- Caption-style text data
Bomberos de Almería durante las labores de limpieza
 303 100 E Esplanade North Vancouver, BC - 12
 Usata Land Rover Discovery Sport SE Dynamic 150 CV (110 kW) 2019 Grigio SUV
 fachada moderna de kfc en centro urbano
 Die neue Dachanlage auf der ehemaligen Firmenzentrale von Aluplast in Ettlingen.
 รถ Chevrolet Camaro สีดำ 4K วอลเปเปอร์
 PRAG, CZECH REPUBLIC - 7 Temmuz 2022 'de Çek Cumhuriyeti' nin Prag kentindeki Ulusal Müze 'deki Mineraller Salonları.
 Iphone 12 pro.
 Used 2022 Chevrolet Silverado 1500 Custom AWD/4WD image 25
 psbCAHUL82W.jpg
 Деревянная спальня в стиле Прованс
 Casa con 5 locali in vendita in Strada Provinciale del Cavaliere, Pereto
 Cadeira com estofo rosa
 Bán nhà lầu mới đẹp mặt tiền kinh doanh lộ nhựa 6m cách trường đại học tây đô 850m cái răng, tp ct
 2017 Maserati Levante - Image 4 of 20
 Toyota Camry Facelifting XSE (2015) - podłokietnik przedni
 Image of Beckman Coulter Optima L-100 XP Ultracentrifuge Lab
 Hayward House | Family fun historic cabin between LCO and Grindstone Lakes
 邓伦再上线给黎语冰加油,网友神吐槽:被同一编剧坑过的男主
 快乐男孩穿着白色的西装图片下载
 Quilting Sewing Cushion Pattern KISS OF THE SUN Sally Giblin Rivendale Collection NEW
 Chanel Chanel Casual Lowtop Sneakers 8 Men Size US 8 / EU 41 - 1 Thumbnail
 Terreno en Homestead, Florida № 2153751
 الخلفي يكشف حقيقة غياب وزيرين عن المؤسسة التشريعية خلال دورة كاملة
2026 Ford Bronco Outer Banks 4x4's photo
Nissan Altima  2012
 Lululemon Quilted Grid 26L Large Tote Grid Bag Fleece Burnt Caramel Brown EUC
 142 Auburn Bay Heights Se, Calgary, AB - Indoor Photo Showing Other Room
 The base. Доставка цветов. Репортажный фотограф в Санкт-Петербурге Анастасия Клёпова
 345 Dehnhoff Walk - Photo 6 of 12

- Action item
For each line in the records that holds "Chevrolet", show that line as it stands.

- Exercise solution
 รถ Chevrolet Camaro สีดำ 4K วอลเปเปอร์
 Used 2022 Chevrolet Silverado 1500 Custom AWD/4WD image 25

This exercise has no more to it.